Le mois de février commençait, et l'on n'eut pas trop des vingt-huit jours qu'il renferme pour atteindre la côte africaine.

Le 8 mars, l'Albatros mouillait en rade de la ville du Cap.

Dès le lendemain, chacun s'empressa, d'aller trafiquer de ses perle» avec les joailliers de la Cité aux diamants....

Et, chose étonnante, il se trouva que tous les pécheurs de l'Albatros avaient en mains des perles d'une grande valeur.
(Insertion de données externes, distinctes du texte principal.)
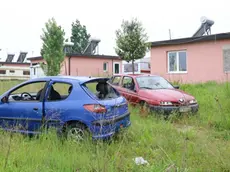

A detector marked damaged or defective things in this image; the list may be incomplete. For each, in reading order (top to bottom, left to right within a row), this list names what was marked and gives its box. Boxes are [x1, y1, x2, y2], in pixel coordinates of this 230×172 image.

abandoned blue car [0, 76, 130, 140]
abandoned red car [108, 73, 199, 115]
Par un hasard providentiel, le navire canadien avait jeté l'ancre, dans la baie de Condatchy, sur un des bancs les plus riches, en huîtres perlières, de la région.

Quelle aubaine pour ces braves gens, plus accoutumés aux gros sous de cuivre qu'aux belles guinées jaunes et aux scintillants souverains d'or qu'on leur donna en échange des perles de Condatchy!

Bref, quand l'Albatros quitta le Cap de Bonne-Espérance, le 12 mars 1853, tout le monde à son bord était riche, depuis le capitaine jusqu'au dernier des Mathurins salés!

Le voyage de retour se fit sans encombre, et le 8 juin, par une belle matinée ensoleillée, l'Albatros jetait l'ancre dans la rade de Saint-Jean de Terreneuve, où le lieutenant Labarou se sépara de son capitaine, non sans regret.

Mais il avait, arrêté en son esprit, un programme à remplir, et il désirait avoir les mains libres pour arriver à son but.

En effet, son intention était d'acheter, pour son propre compte, une bonne et, solide goélette, avec laquelle il ferait, à Kécarpoui, une entrée.... dont on garderait le souvenir, sur la côte du Labrador.